From the entries below, output the line with "HP USB 3.0 to" and each following line up to and including the line with "KiddyTrek 4-in-1 Sip", exactly as written.

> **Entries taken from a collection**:
· · · ·

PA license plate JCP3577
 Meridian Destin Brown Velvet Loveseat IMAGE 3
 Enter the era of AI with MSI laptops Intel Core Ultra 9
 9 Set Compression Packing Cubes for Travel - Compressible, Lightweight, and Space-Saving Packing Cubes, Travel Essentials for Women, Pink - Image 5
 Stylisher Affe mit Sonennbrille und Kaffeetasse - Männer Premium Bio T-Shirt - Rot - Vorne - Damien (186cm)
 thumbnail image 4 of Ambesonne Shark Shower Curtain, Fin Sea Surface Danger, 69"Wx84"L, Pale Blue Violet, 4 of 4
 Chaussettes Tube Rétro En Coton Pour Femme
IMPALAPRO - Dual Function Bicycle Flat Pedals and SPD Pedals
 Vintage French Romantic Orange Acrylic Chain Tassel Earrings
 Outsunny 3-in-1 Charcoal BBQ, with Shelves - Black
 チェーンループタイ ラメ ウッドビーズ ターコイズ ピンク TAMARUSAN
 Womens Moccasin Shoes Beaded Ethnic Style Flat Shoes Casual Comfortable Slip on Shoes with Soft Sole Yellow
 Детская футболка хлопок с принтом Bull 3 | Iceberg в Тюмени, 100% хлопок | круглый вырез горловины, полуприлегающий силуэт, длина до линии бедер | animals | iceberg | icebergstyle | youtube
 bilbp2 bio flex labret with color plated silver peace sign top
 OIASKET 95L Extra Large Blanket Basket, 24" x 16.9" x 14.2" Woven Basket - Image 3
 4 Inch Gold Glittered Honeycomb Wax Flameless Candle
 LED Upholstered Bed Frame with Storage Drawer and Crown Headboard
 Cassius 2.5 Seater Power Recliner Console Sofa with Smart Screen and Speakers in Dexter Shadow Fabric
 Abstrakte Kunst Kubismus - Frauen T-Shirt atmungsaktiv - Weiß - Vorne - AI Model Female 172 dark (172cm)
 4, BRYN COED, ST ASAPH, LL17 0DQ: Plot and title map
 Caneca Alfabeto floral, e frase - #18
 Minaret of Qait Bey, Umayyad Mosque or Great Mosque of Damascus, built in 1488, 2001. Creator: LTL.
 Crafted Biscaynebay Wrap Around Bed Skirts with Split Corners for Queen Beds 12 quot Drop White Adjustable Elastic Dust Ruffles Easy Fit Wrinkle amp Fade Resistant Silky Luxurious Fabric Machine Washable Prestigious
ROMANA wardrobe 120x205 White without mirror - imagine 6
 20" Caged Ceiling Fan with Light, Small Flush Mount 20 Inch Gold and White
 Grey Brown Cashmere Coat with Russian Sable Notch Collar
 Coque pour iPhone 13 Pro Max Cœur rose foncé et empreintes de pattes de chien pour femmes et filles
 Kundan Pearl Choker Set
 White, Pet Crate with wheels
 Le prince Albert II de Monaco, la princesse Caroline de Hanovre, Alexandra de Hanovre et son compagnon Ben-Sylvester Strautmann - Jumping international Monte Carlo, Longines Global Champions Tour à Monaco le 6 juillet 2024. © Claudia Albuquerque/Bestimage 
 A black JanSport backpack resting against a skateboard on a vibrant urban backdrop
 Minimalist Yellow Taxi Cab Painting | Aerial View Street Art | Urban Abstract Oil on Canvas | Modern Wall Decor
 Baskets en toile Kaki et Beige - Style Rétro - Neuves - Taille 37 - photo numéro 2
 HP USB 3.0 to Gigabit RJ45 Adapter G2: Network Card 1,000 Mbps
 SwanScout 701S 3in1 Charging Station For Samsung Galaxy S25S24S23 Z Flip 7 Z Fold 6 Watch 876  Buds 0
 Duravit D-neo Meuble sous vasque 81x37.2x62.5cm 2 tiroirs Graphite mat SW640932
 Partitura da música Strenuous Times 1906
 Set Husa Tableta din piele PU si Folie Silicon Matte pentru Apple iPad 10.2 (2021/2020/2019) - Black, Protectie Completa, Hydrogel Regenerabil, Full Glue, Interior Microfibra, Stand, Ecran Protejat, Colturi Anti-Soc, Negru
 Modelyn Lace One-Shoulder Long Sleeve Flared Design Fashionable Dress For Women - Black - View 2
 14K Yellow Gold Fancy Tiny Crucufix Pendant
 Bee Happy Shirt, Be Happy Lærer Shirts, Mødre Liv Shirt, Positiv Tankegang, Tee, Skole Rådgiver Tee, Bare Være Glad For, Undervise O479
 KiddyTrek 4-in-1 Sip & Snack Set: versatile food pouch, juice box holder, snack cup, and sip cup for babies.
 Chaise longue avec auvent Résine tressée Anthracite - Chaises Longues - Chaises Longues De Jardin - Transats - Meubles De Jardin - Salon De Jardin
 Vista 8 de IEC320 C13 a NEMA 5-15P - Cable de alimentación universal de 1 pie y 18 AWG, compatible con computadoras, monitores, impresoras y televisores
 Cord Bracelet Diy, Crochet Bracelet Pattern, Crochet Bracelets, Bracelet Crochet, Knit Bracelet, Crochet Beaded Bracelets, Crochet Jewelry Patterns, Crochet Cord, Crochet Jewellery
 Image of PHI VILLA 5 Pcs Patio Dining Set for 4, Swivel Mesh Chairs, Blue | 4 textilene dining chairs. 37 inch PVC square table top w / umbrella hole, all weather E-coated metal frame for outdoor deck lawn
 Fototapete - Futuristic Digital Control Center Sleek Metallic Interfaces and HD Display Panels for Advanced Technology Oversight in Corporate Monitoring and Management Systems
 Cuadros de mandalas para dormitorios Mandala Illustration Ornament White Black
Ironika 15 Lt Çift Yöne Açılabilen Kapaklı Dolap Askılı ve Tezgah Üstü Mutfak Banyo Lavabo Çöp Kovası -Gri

· · · ·

> **ANSWER SPACE**:
 HP USB 3.0 to Gigabit RJ45 Adapter G2: Network Card 1,000 Mbps
 SwanScout 701S 3in1 Charging Station For Samsung Galaxy S25S24S23 Z Flip 7 Z Fold 6 Watch 876  Buds 0
 Duravit D-neo Meuble sous vasque 81x37.2x62.5cm 2 tiroirs Graphite mat SW640932
 Partitura da música Strenuous Times 1906
 Set Husa Tableta din piele PU si Folie Silicon Matte pentru Apple iPad 10.2 (2021/2020/2019) - Black, Protectie Completa, Hydrogel Regenerabil, Full Glue, Interior Microfibra, Stand, Ecran Protejat, Colturi Anti-Soc, Negru
 Modelyn Lace One-Shoulder Long Sleeve Flared Design Fashionable Dress For Women - Black - View 2
 14K Yellow Gold Fancy Tiny Crucufix Pendant
 Bee Happy Shirt, Be Happy Lærer Shirts, Mødre Liv Shirt, Positiv Tankegang, Tee, Skole Rådgiver Tee, Bare Være Glad For, Undervise O479
 KiddyTrek 4-in-1 Sip & Snack Set: versatile food pouch, juice box holder, snack cup, and sip cup for babies.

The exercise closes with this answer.